🤖 AI Summary
This work addresses the limited convergence and generalization of standard Transformers, which stem from their inadequate modeling of optimization dynamics. The authors reinterpret residual updates as first-order optimization steps on a proxy token energy landscape, where attention and MLP sublayers act as gradient oracles. For the first time, momentum mechanisms—such as triple momentum, Adam, and Muon—are systematically integrated into the Transformer architecture. Through optimizer-inspired design, explicit modeling of momentum flow, and controlled ablation studies, the study demonstrates that momentum—not preconditioning—is the key driver of performance gains, steering optimization toward flatter minima.
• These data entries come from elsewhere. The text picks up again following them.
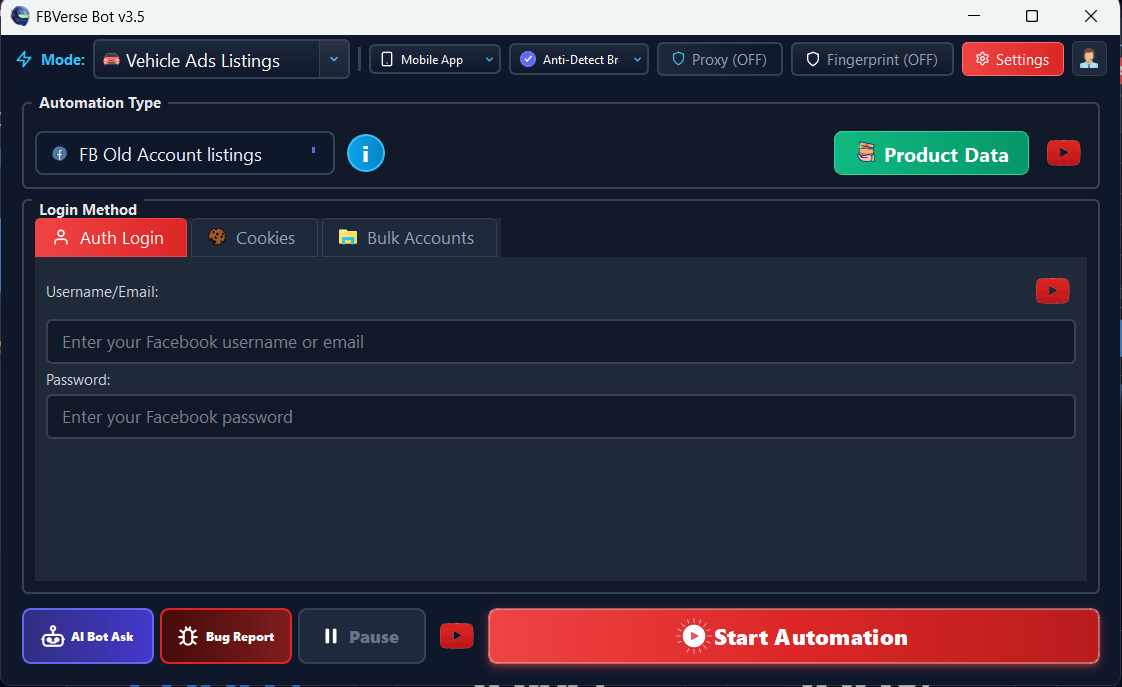Marketplace Vehicle Vertical Auto Listing Screen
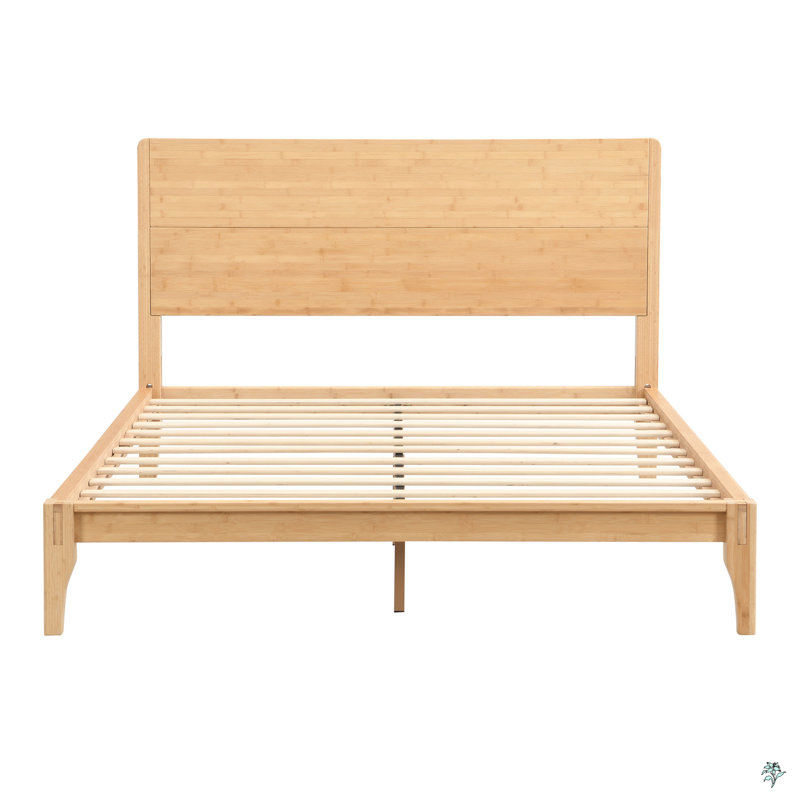 Mid-Century Modern 12 Inch Bamboo Wood Platform Bed with Wood Slat Support, No Box Spring Needed, Easy Assembly, Queen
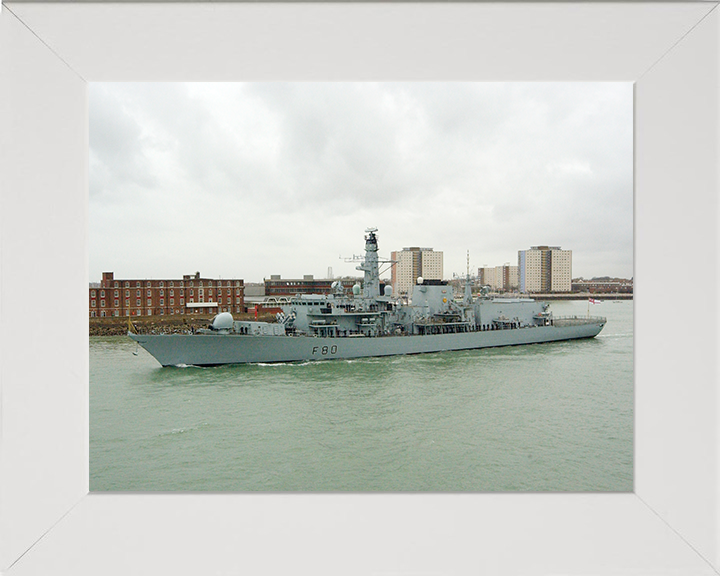 HMS Grafton (F80) Royal Navy Type 23 Frigate Leaving Portsmouth 2005 Photo Print Wall Art Decor Posters, Prints, & Visual Artwork Hampshire Prints 10 x 8 White Frame No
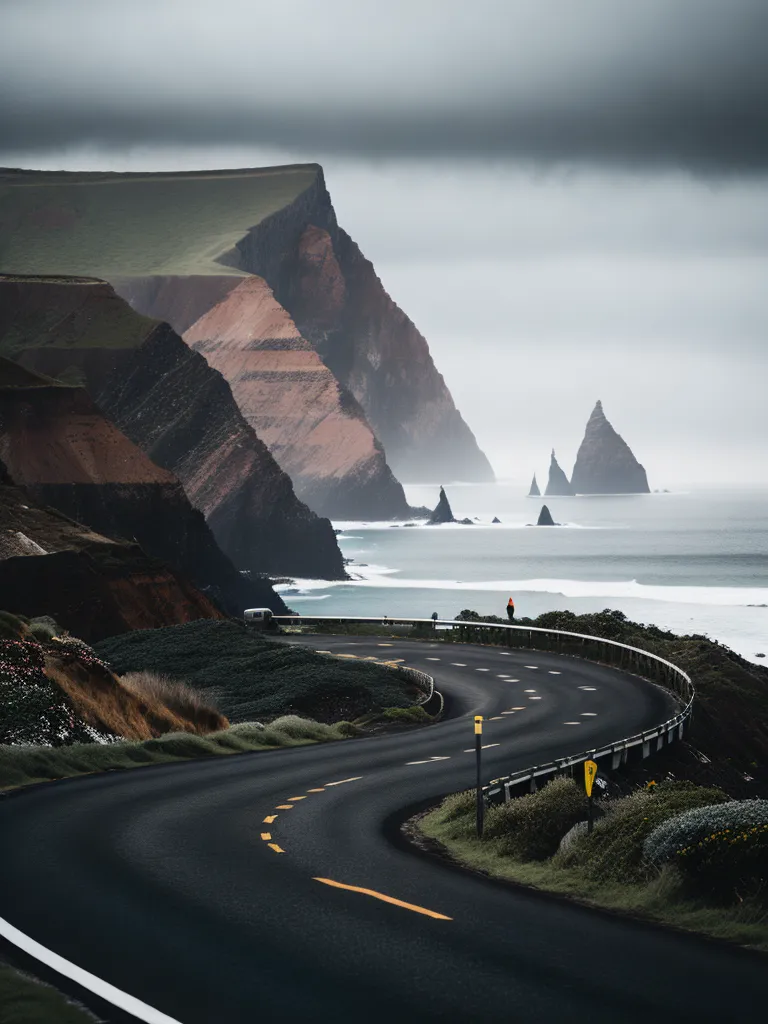 The image shows a winding road along a rocky coast. The road is bordered by a green field on one side and a rocky cliff on the other. In the distance, there is a large body of water with two small islands. The sky is cloudy and the water is rough. There is a yellow line down the middle of the road and some yellow posts along the side. There is a person standing on the side of the road. They are wearing a red jacket and black pants.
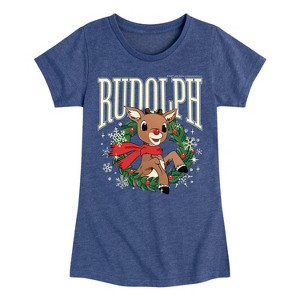 Girls' - Rudolph - Rudolph Wreath Collegiate Fitted Short Sleeve Graphic T-Shirt - 1 of 4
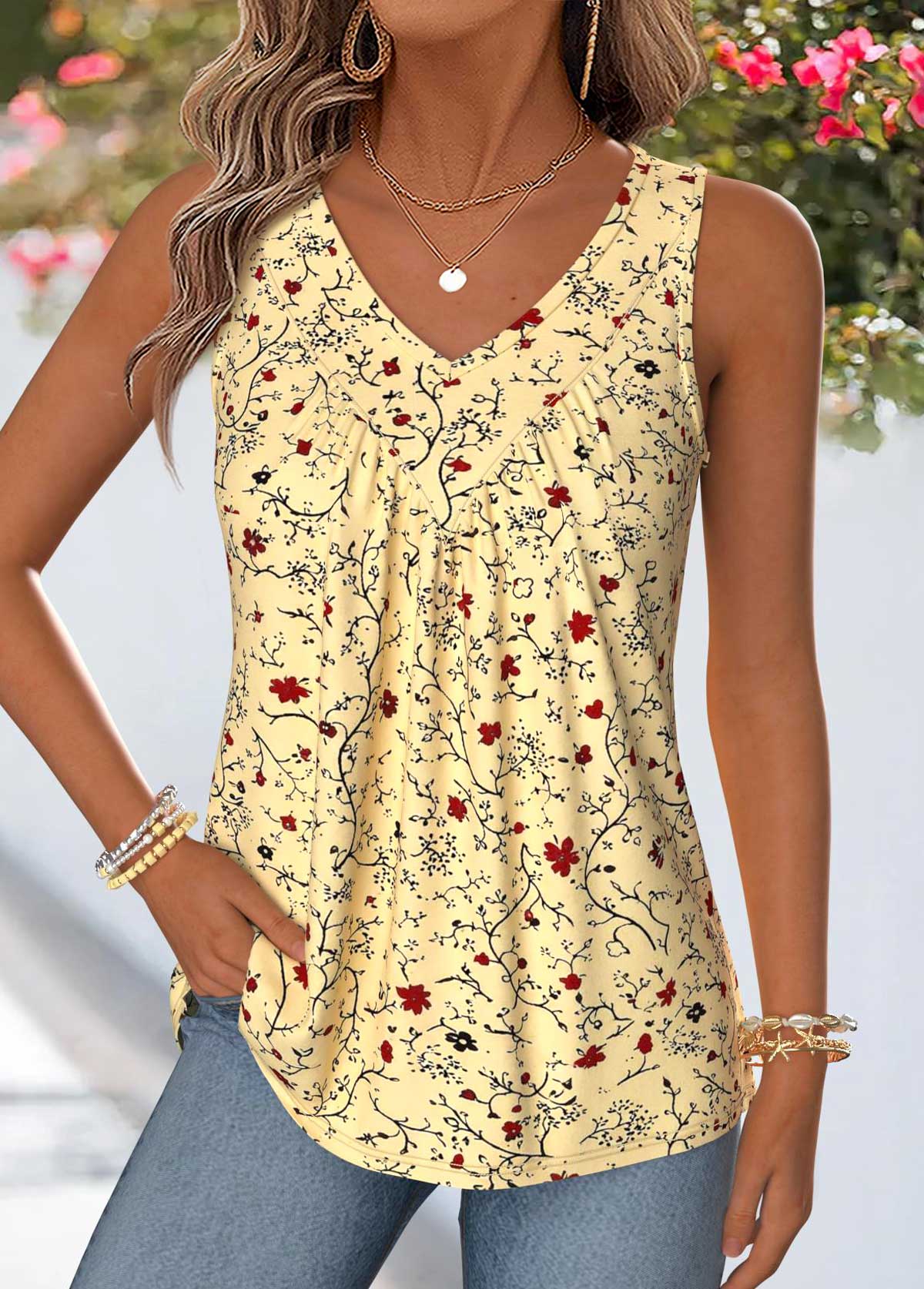 Modlily Light Yellow Floral Print Patchwork Sleeveless Tank Top - M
The resulting TMMFormer achieves the lowest validation loss under identical compute budgets, significantly outperforming baseline models while exhibiting superior generalization and reduced catastrophic forgetting.
📝 Abstract
The residual update of a pre-norm Transformer layer admits an interpretation as one step of a first-order optimizer acting on a surrogate token energy, wherein the attention and MLP sublayers function as gradient oracles. Based on this observation, we build a family of optimizer-inspired Transformers (triple-momentum, Adam/AdamW, Muon, SOAP) and compare them under matched compute. In our main pretraining experiment, the triple-momentum TMMFormer achieves the lowest validation loss, outperforming the vanilla Transformer and prior architectural variants. A controlled ablation and supporting theory show that momentum, not preconditioning, is the main source of the gain. We further show that TMMFormer and other momentum-based designs reach flatter minima than the vanilla Transformer, which leads to less forgetting and better generalization.